Desculpa, Pátria minha…

Gui Abreu de Lima, 04.12.12

Há dois anos o patrão deixou de pagar os ordenados, depois simulou um esquema laboral a partir de casa, mas abandonou os empregados. Foram 7 meses e muitas horas na loja do cidadão até que a Autoridade para as Condições do Trabalho desencravasse a esmola de que agora vivo - o Subsídio de Desemprego.

Tenho 44 anos, trabalhei 24 com os devidos descontos de todas as partes, fui recibo verde por dois anos para ajudar a empresa, nunca pedi uma baixa e auferi de duas licenças de parto com um intervalo de 4 anos. Esqueci os 10 mil euros de ordenados em atraso e a indemnização por direito. A lei não me salvou das tropelias do patronato, os 1600 euros que trazia para casa todos os meses emagreceram para 1400 através de um layoff não oficializado, em 2009, e tudo se resolveu com 970 euros de um subsídio, que a partir de Janeiro será taxado em 6%, numa subtracção de quase 60 euros mensais.

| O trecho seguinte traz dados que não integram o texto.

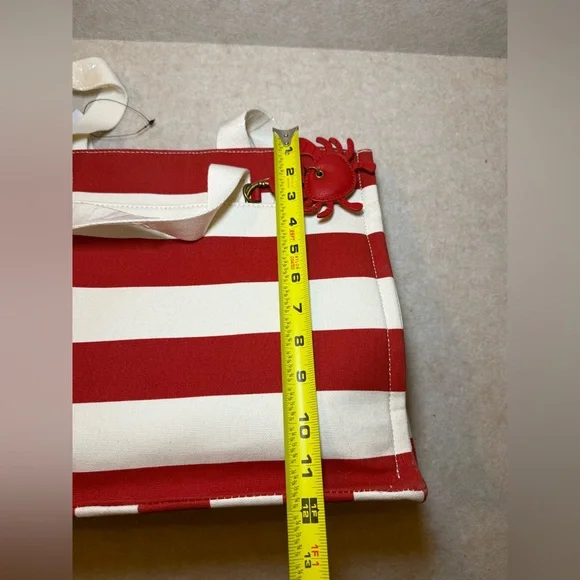 Sonoma Goods Danson Canvas Tote Red Cream Summer Bag Crab Charm NWT - Picture 10 of 10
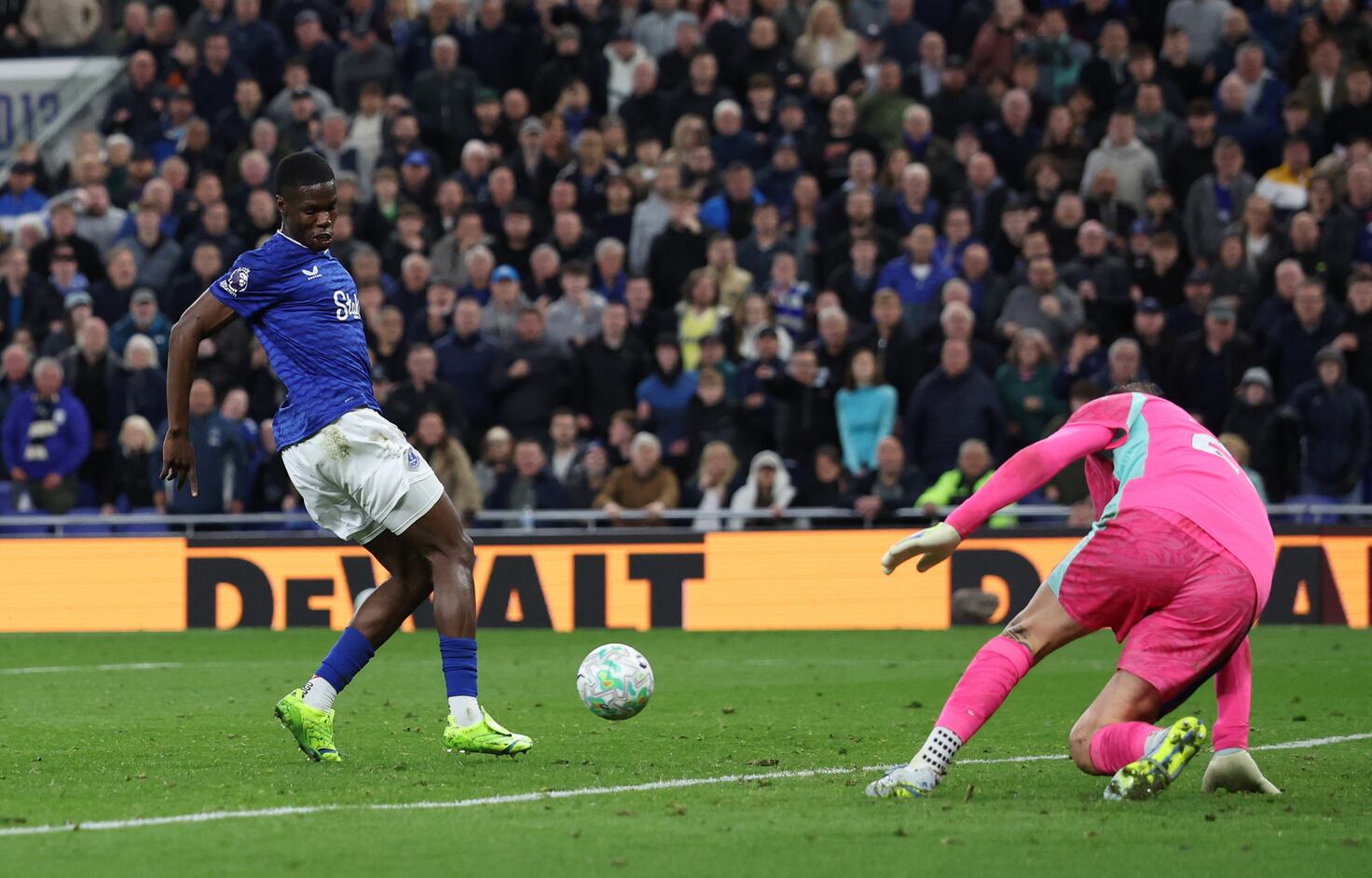 How a little-known offside rule let Thierno Barry score the goal that shook City's title hopes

As contas são cada vez mais simples: dos 970 euros, 500 vão para a renda de casa. O resto divide-se entre o Pingo Doce, a Epal, a EDP, a Repsol e a cantina da escola. A pensão de alimentos, quando a vejo, cobre as coisitas que os rapazes sabem que não posso dar - carregamentos de telefone, cordas de guitarra, uns cinemas, gomas e chocolates. Roupa, angario em segunda mão, até por questões ecológicas. Prejudiquei a mulher-a-dias, prescindi dela, pouco circulo de carro, e o meu luxo envergonhado é tabaco e mortalhas.

Tromba alegre, fumando, cá ando, num Estado de Direito que deixa todo o malandro à tona e me afoga em impostos, multas diversas, repescadas em remotos anos, sobre veículos que já nem circulam mas foram meus, mais uma scut de 4 euros que quis pagar em 2010 e não consegui porque o sistema é esquisito e a empresa das portagens não responde aos meus apelos de socorro, preferindo avolumar a conta em cada cobrança, tudo bem argumentado com o disposto em números e alíneas de artigos de Códigos jurídicos e decretos-lei de todas as idades, que não descuram a ameaça de justiça em tribunal.

Cá ando, sempre de tromba alegre, sim, calando a úlcera que agora não se dá com jejuns, esperando o jurito de trocos poupados aos bochechos, cujo um quarto da soma é retido pelo Estado, sempre sobre o mesmo dinheiro, coitado, já com raízes nos cofres do Banif, que esse Estado parece controlar e ansiar mais do que eu. Eu, contribuinte exemplar, sem baldas ao IRS, nem atrasos nas entregas à Segurança Social. Eu, fiel depositária durante 3 meses do dinheiro público, multiplicado sem tiros na Bolsa, seguras aplicações de um euro, euro e vinte… por trimestre, o IVA saldava-me duas bicas, vá.

2013, é um consolo. Não farei declaração de IRS. Nada me será devolvido, só cobrado. O IMI perfila-se e quem sabe os 10 anos de isenção tenham sido engano e a conta venha junta e atacada. O subsídio, é provável que acabe antes do prazo legal, que as regras mudam. A barraca, vou, pois, avisar o banco que se agarre a ela. Os rapazes, simpáticos e em boa idade, talvez aceitem nas tardes livres tocar na Baixa, para ajudar ao panquê. Trabalho, é uma miragem, até na mais velha profissão do mundo. E eu, querida Pátria, vou falir, mas é de pé e de tromba erguida.